__Your goal__
Could you restate word for word the lines running from the one with "Used 2021 Nissan Kicks SR image 10" to the end of the data, both ends included, but without pictures?

__Recorded data__
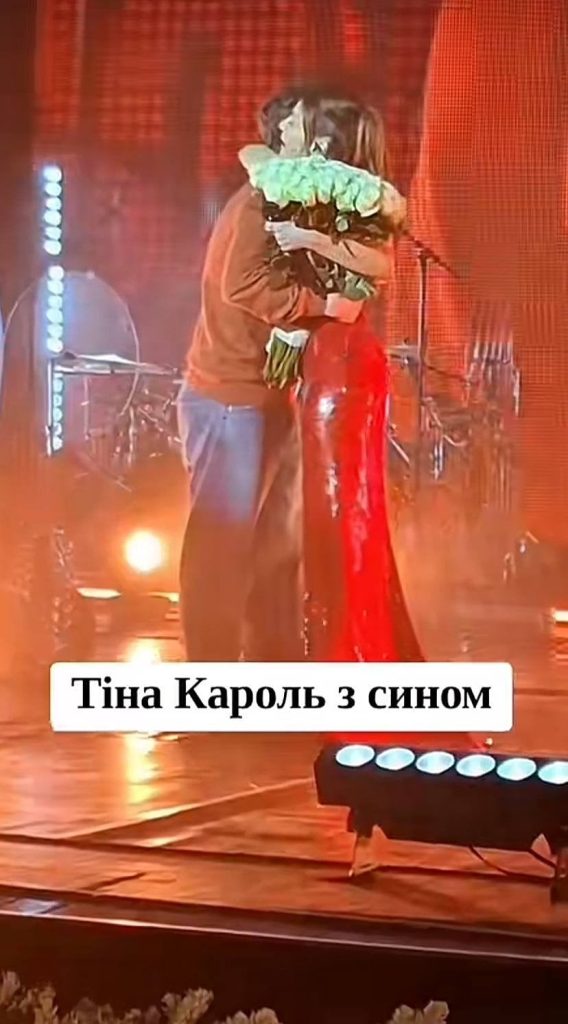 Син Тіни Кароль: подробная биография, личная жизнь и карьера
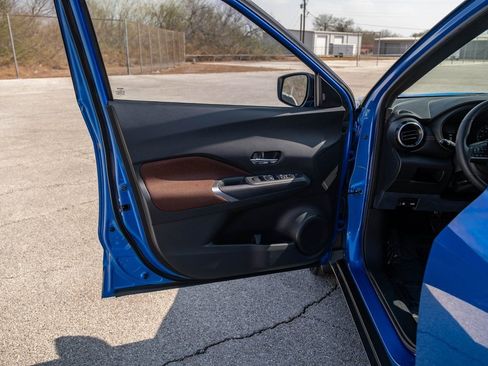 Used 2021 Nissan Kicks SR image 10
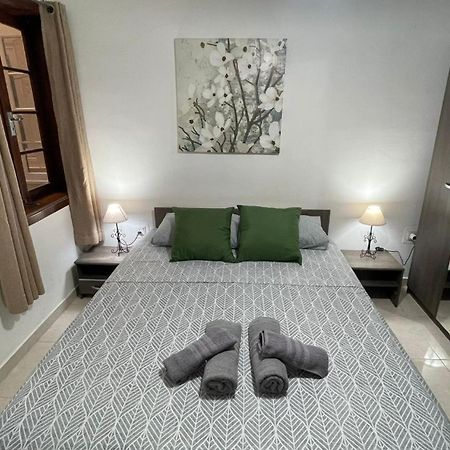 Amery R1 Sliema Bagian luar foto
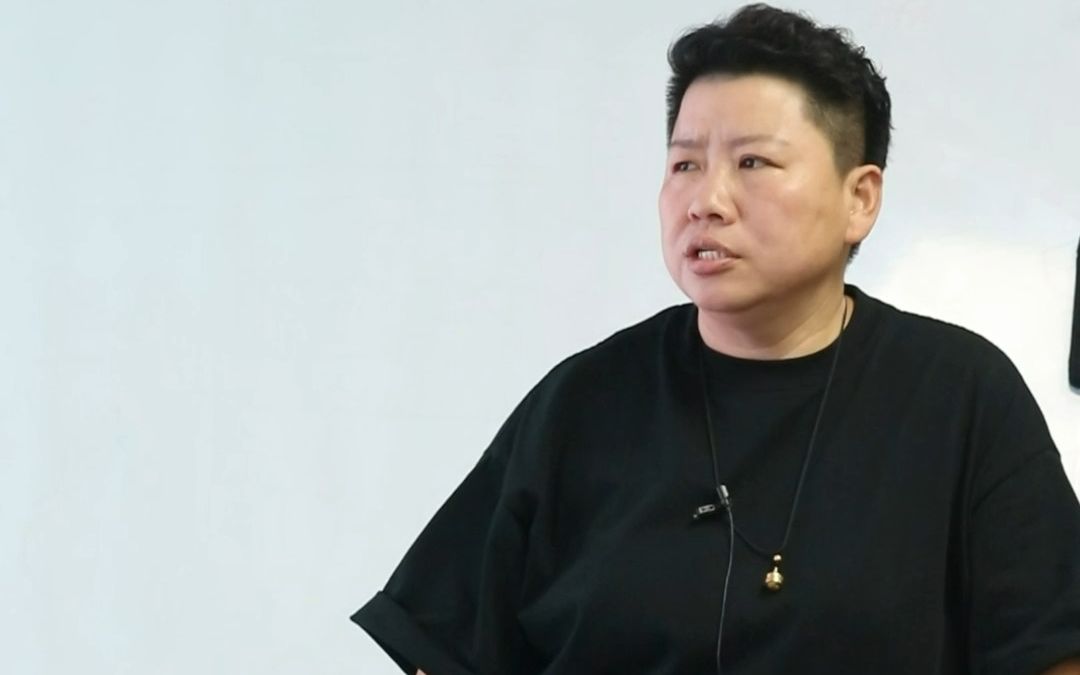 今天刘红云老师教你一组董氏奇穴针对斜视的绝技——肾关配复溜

__Written reply__
 Used 2021 Nissan Kicks SR image 10
 Amery R1 Sliema Bagian luar foto
 今天刘红云老师教你一组董氏奇穴针对斜视的绝技——肾关配复溜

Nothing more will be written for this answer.